We have a young lady in the landscape business & one painter friend w/ 40 employees. They all constantly hand out our business cards & recommend our services, as outstanding & reasonably priced. This helps! Also try contacting apartment complexes & homeowner associations ( great prospects). We have an established customer base of about 17,000 , who seem to remain loyal. We treat them like family, when they are down & out we are still there ( extending credit & working with them through the rough times) they remember us during the good times. We also have 2 old retired guys( former salesmen) that go out & sell ( on commission ) all leads we get. They don't leave any stone unturned. Percentage of leads sold ( current economy withstanding ) 60-65 per cent. Beleive me they look like used car salesmen on the hunt. We print & mail letters from our customer list (monthly),constant reminder. Church newsletters ( advertise) , sports sponsors, baseball, bowling, football & soccer. I'm an OLD GUY, with limited education, but I know how I like to be treated !!!!!!!


----------



## Husky288XP (Feb 29, 2008)

As a college graduate with a degree in marketing, I will tell you that marketing is a numbers game. It is a direct relationship meaning the more people you reach, the more business opportunities will present themselves. 

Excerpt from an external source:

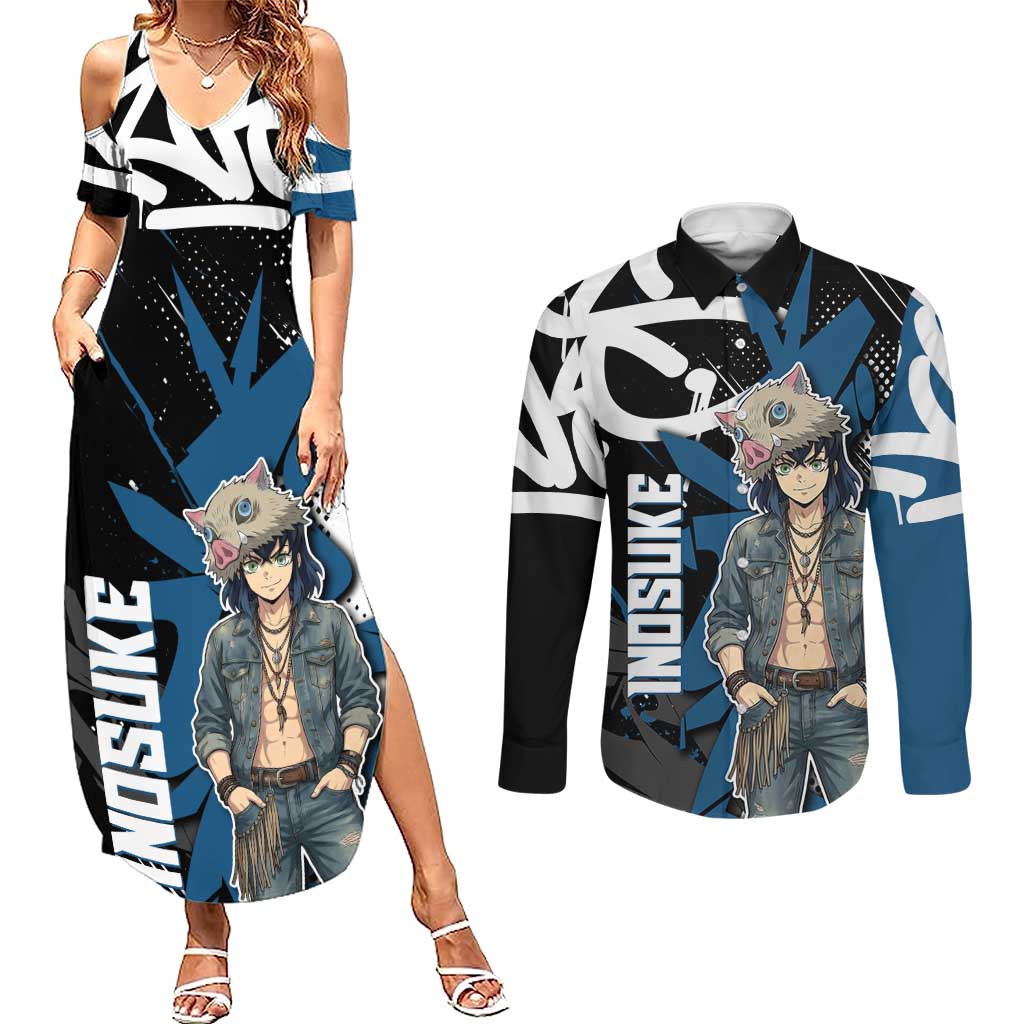 Hashibira Inosuke Demon Slayer Couples Matching Summer Maxi Dress and Long Sleeve Button Shirt Blue & Black Graffiti Anime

Note that the flyer must look professional. Don't offer that you will beat anyone's price, etc. Just promote your services such as: tree pruning, removal, fertizilation, insect and disease mgmt,.......


----------



## John464 (Feb 29, 2008)

i thought about door hangers for only pointing out problems I see if working nearby. Maybe I should start? Such as on the door hanger I would write: 

_Left side yard, near fence, tree with broken branches. Front yard dead tree._


I dont think Id leave them on every house. What I would do is leave a door hanger for those properties I see an immediate need for tree care. Only so I could write on the hanger to point things out. Right now I just leave my card, but it doesnt have enough space to allow me to wriite descriptions out to them.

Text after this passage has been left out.